Canada as a nation has a dismal history with respect to its relations with

Aboriginal peoples living within what came to be its borders. One of the more striking

examples of this is the Indian Act.

The Indian Act is a piece of legislation intended to eradicate the cultures of

Aboriginal peoples.

By looking at the experiences of the registered Indians of Saskatchewan from the

period of the Rebellion of 1885 to the 1950s; then at the roles of women in pre-contact

Iroquois society; and finally by reviewing some of the amendments to the Indian Act in

the first quarter of the twentieth century, we’ll see clearly that the intent of the Act was

the decimation of the cultures of Aboriginal peoples.

We begin by surveying the ramifications of the Indian Act on registered Indians in

Saskatchewan from the Rebellion of 1885 to the 1950s.

Reading accounts of the forced way of life endured by these peoples, it would be

understandable if the reader were to mistaken it for an account of South Africa during the

apartheid era. In the words of H. B. Hawthorn,

The (Indian Affairs) Branch was a quasi-colonial government dealing


with almost the entire life of a culturally different people who were
systematically deprived of opportunities to influence government, a
people who were isolated on special pockets of land and who were
subject to different laws (Hawthorn 1966: 368).

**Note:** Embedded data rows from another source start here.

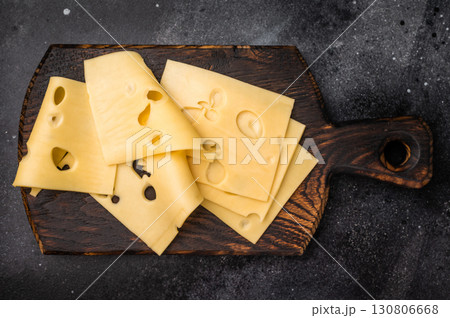 Swiss emmental cheese slices on wooden cutting board. black background. top view Swiss emmental cheese slices on wooden cutting board. black background. top view 130806668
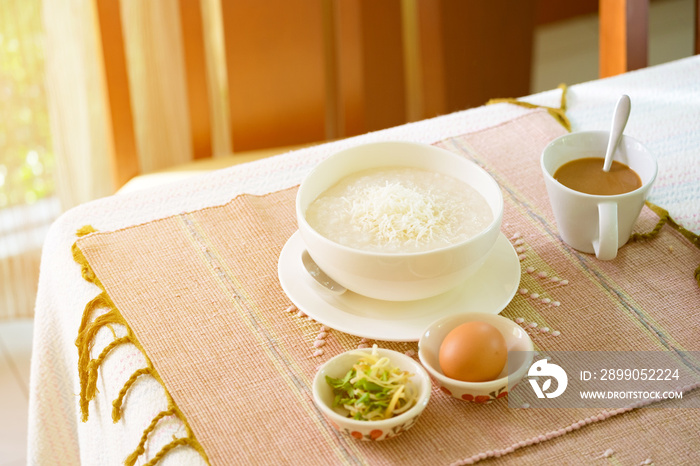 rice porridge, rice gruel or congee with pork, egg, sliced ginger and vegetable, delicious the traditional Chinese breakfast on wooden table and hot coffee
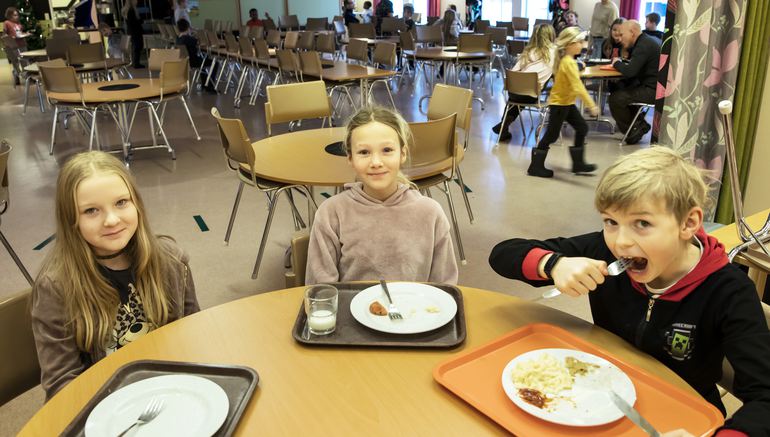 Tre barn i skolmatsal som äter 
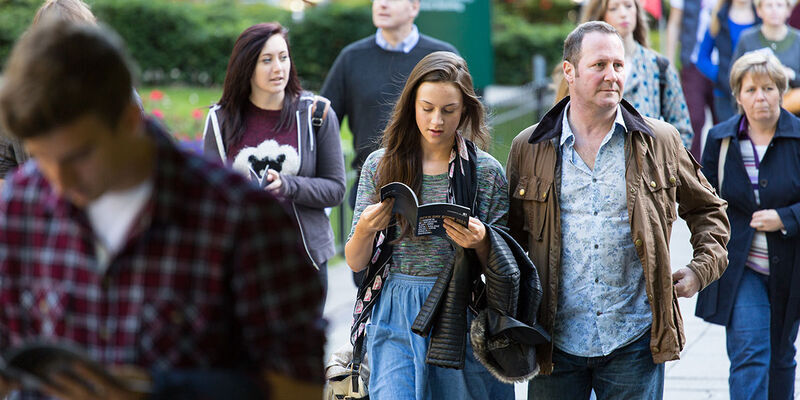 Students and their parents walking on campus at an open day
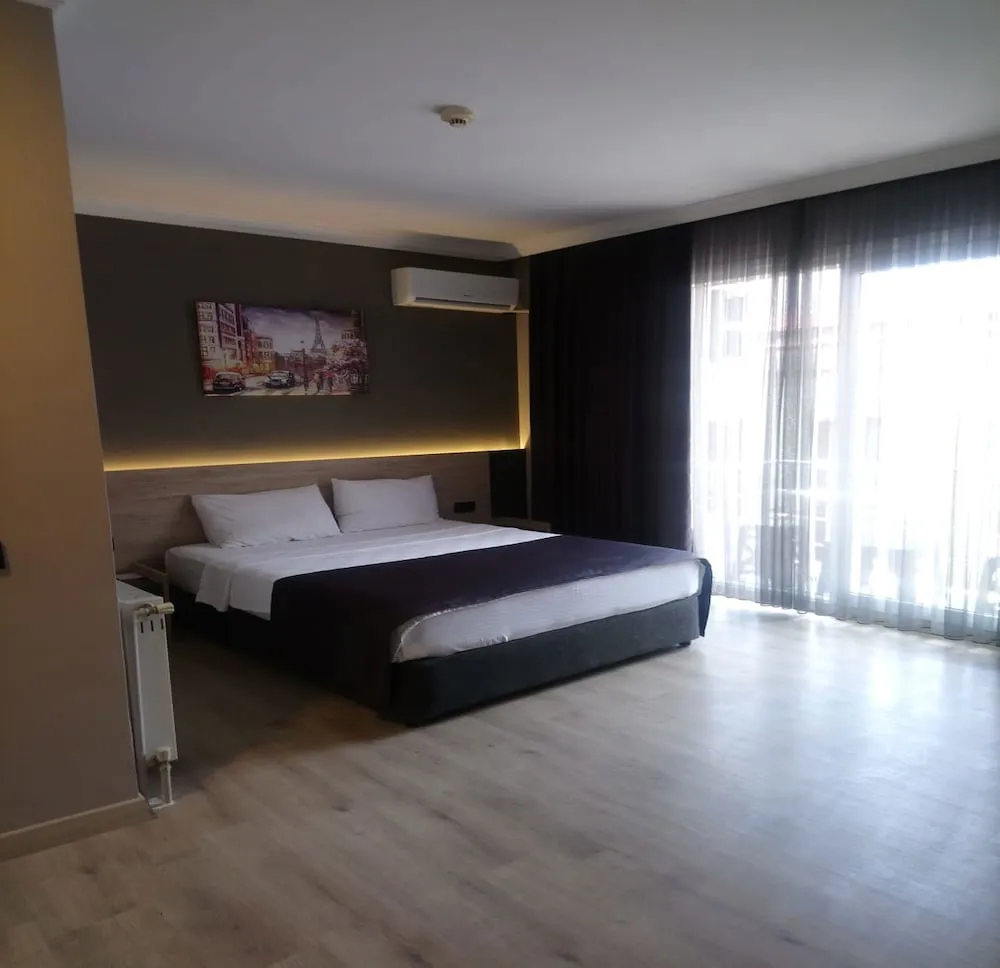 Deluxe Tek Büyük veya İki Ayrı Yataklı Oda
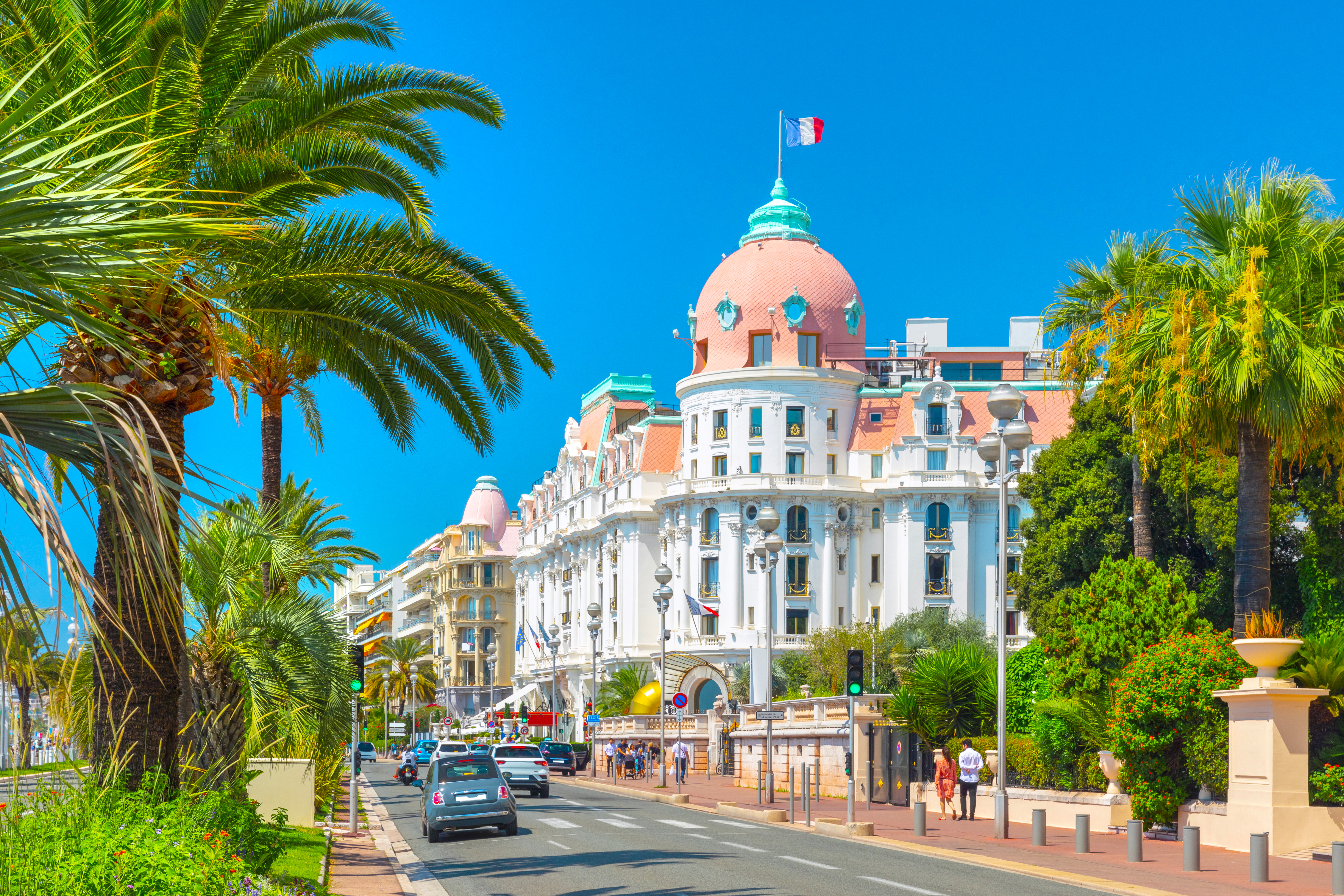 Solrig dag på Promenade des Anglais i Nice med det ikoniske lyserøde Hotel Negresco og høje palmer langs den berømte boulevard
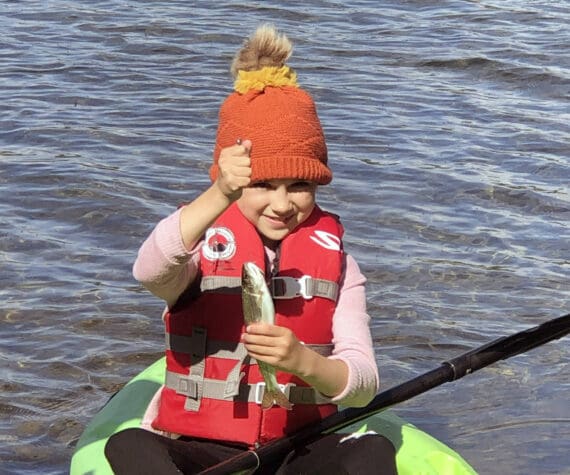 If you teach a kid to fish, she will feed you a trout breakfast every morning of the campout. This proved true for this girl, who holds up a rainbow trout while sitting on a kayak. (Photo by Leah Eskelin)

The document the Indian Affairs Branch used as its modus operandi was the Indian Act.
The Act was that piece of legislation by which the livelihood and lifestyle of those

who came to be registered Indians in what came to be Saskatchewan was totally and

irrevocably wiped out. Indeed, for the indigenous peoples living on the prairies it was

“the final nail in the coffin”, as it were; with its passing and implementation these people

went from nomadic and/or semi-nomadic lifestyles on the open prairies - hunting, fishing

and foraging freely (Getty & Lussier 2000: 204) to a life where much of their existence,

socially/culturally and daily, was heavily regulated and supervised. They were gathered

onto reserves where,

…they were not allowed to leave without obtaining a pass from the
Indian agent (a government agent placed in authority over the reserve)
which specified the destination, purpose, and period of their travel;
they were unable to purchase or to sell stock, personal possessions or
any other commodity without the written permission of the agent; and,
they were forbidden to possess or to consume alcohol (Dyck 1980:
38).

In addition to these proscriptions, registered Indians no longer had final say in

either their economic activities or how their leadership structure would be determined. In

the cases of both, the agent would review and either grant or deny the wishes of the

people: with regards to how band moneys were spent, and who could stand as candidate

for band chiefs and councillors (Dyck 1980: 38). Again, these colonial measures were

legislated in the Act.

This situation continued for the most part through to the 1950s, when

amendments came that finally started to change all this (Dyck 1980: 38).

It should be clear from the material presented that, in the case of the registered

Indians in Saskatchewan from the period of the 1880s to the 1950s, the Indian Act served

as the European colonizer’s tool for eradicating the cultures of these Aboriginal peoples.
As we shall see however, it wasn’t only in the Prairies that actions like this took place.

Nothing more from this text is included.